■ **EXERCISE PROMPT**
Copy the material below verbatim from the line with "Master Sgt. John Eckert, detachment" to the line with "Beautiful bride on", both lines included, omitting pictures and every line outside that range.

■ **SUPPLIED MATERIAL**
*** Block opens ***
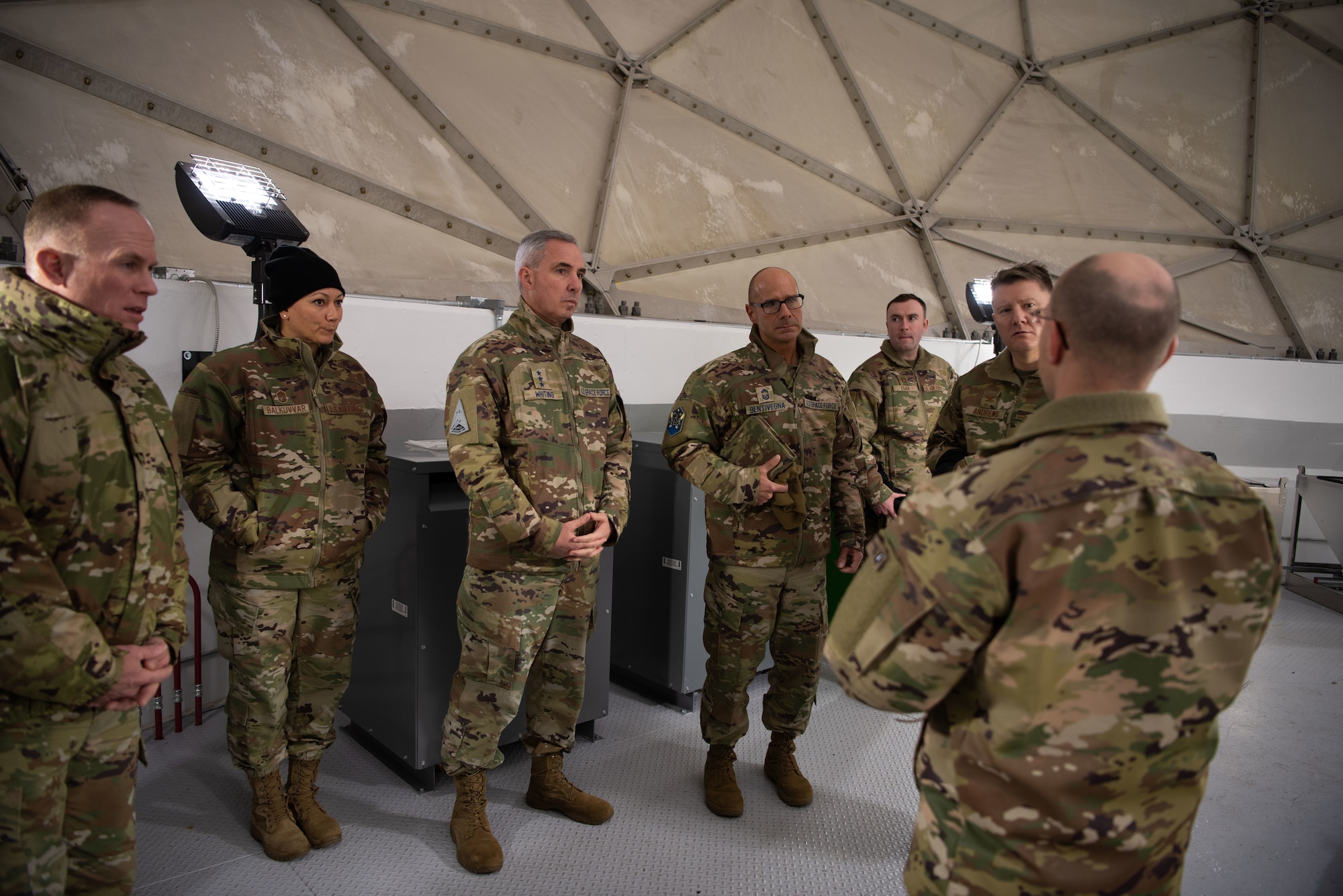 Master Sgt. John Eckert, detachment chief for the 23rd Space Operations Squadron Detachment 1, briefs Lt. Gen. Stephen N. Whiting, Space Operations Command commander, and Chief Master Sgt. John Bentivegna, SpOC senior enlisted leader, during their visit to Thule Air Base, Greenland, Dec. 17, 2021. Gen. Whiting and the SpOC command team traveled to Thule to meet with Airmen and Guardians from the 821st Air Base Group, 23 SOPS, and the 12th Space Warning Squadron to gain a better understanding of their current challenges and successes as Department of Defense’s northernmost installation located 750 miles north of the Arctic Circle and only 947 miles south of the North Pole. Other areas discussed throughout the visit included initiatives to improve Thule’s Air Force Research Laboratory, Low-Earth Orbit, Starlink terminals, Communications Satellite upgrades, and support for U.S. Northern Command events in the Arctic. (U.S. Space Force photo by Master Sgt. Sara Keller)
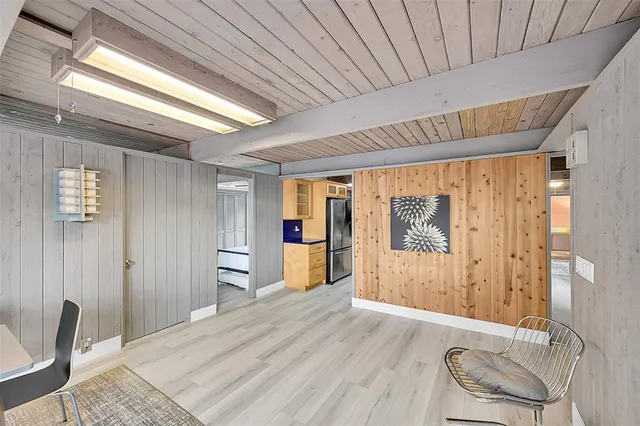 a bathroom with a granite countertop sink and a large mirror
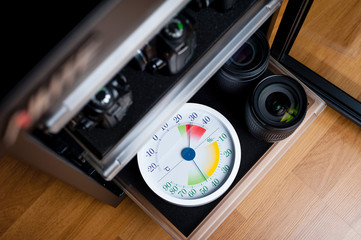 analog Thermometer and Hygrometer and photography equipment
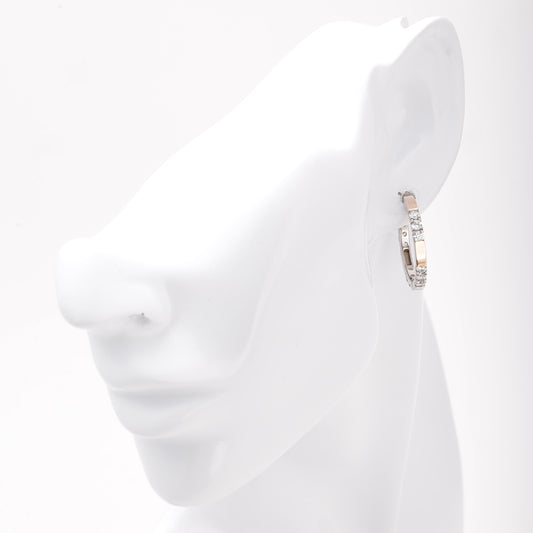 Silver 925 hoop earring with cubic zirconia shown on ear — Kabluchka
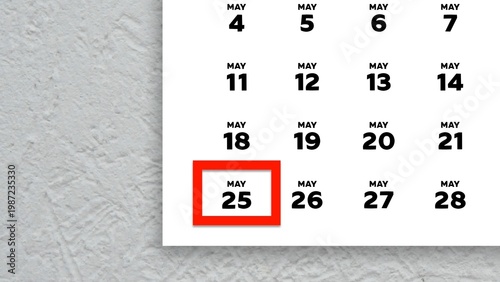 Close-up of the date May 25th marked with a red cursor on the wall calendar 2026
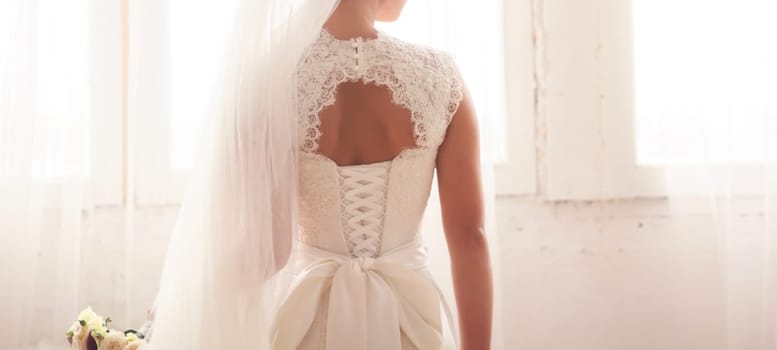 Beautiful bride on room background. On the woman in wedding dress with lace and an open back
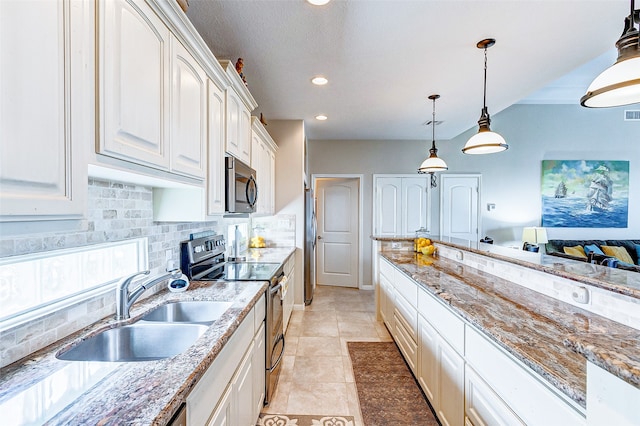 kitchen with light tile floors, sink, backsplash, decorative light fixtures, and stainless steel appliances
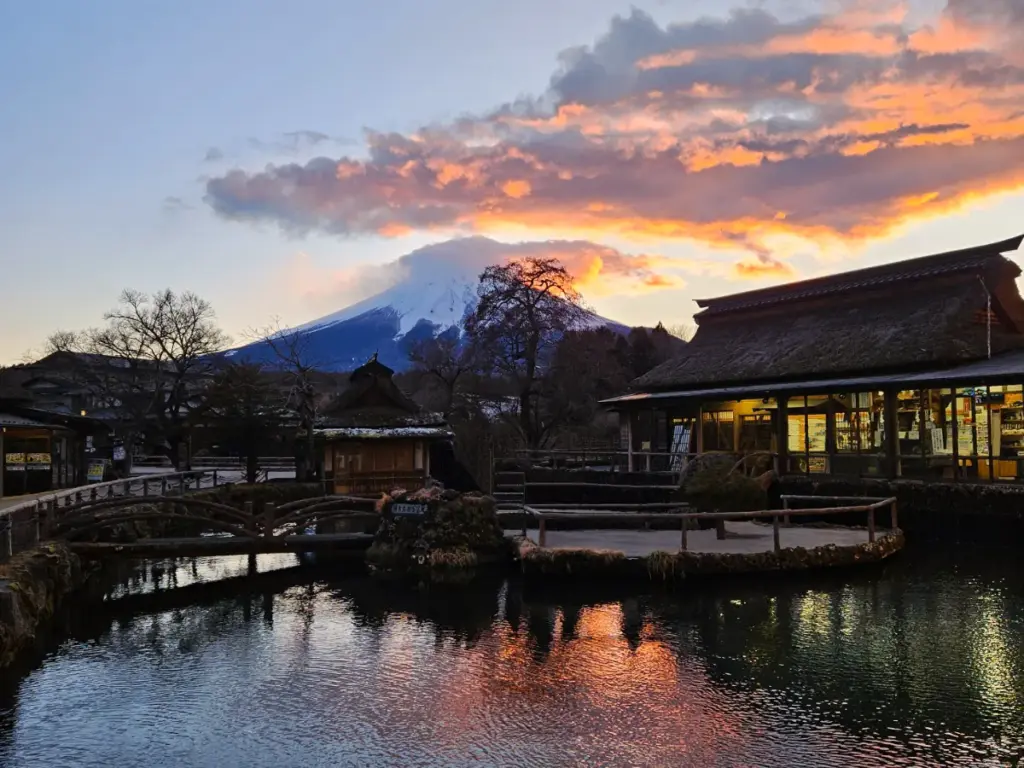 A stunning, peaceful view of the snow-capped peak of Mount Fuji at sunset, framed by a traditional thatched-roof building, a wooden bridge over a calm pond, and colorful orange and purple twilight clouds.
*** Block closes ***
*** Block opens ***
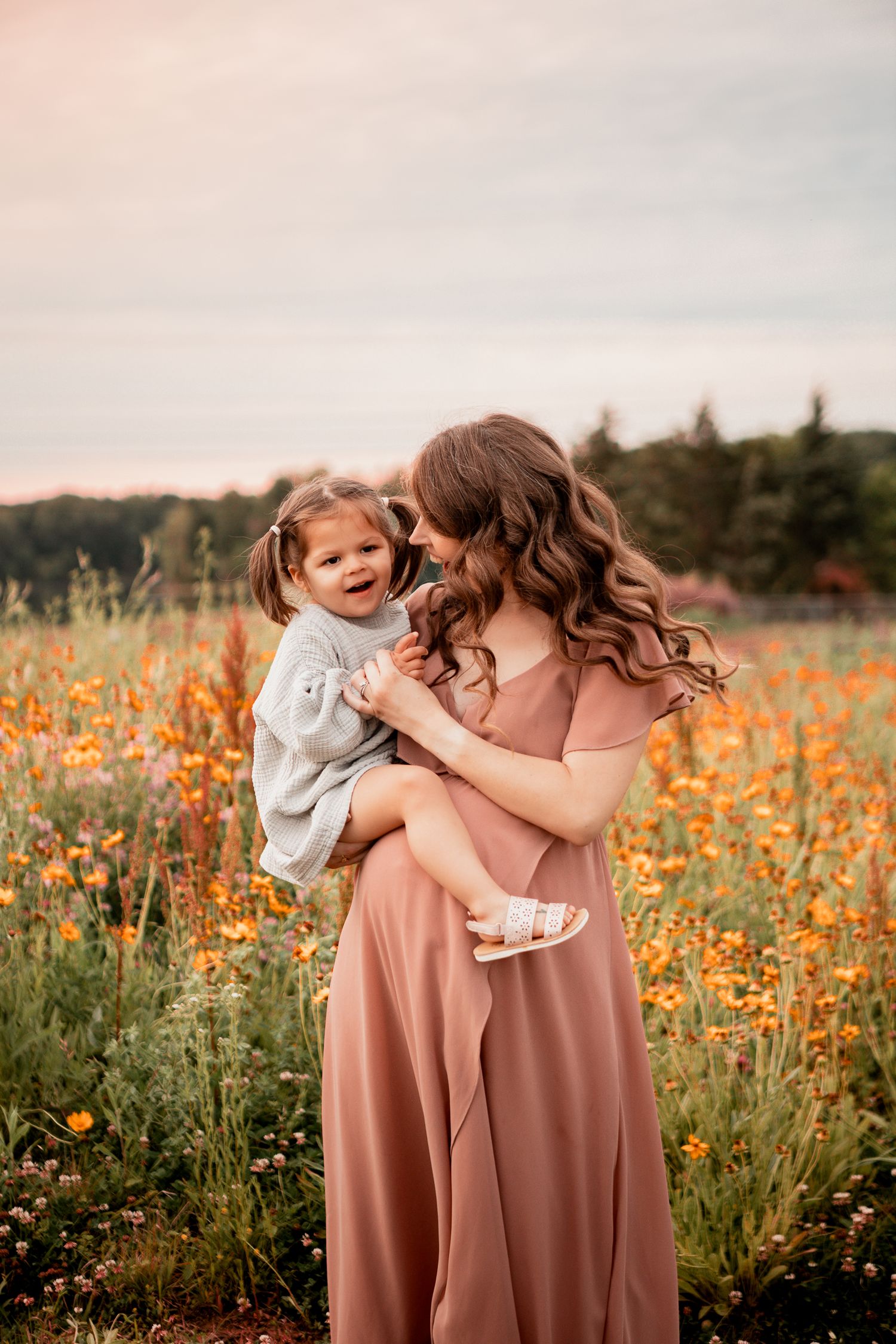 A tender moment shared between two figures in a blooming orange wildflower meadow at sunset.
*** Block closes ***
■ **TASK ANSWER**
 Master Sgt. John Eckert, detachment chief for the 23rd Space Operations Squadron Detachment 1, briefs Lt. Gen. Stephen N. Whiting, Space Operations Command commander, and Chief Master Sgt. John Bentivegna, SpOC senior enlisted leader, during their visit to Thule Air Base, Greenland, Dec. 17, 2021. Gen. Whiting and the SpOC command team traveled to Thule to meet with Airmen and Guardians from the 821st Air Base Group, 23 SOPS, and the 12th Space Warning Squadron to gain a better understanding of their current challenges and successes as Department of Defense’s northernmost installation located 750 miles north of the Arctic Circle and only 947 miles south of the North Pole. Other areas discussed throughout the visit included initiatives to improve Thule’s Air Force Research Laboratory, Low-Earth Orbit, Starlink terminals, Communications Satellite upgrades, and support for U.S. Northern Command events in the Arctic. (U.S. Space Force photo by Master Sgt. Sara Keller)
 a bathroom with a granite countertop sink and a large mirror
 analog Thermometer and Hygrometer and photography equipment
 Silver 925 hoop earring with cubic zirconia shown on ear — Kabluchka
 Close-up of the date May 25th marked with a red cursor on the wall calendar 2026
 Beautiful bride on room background. On the woman in wedding dress with lace and an open back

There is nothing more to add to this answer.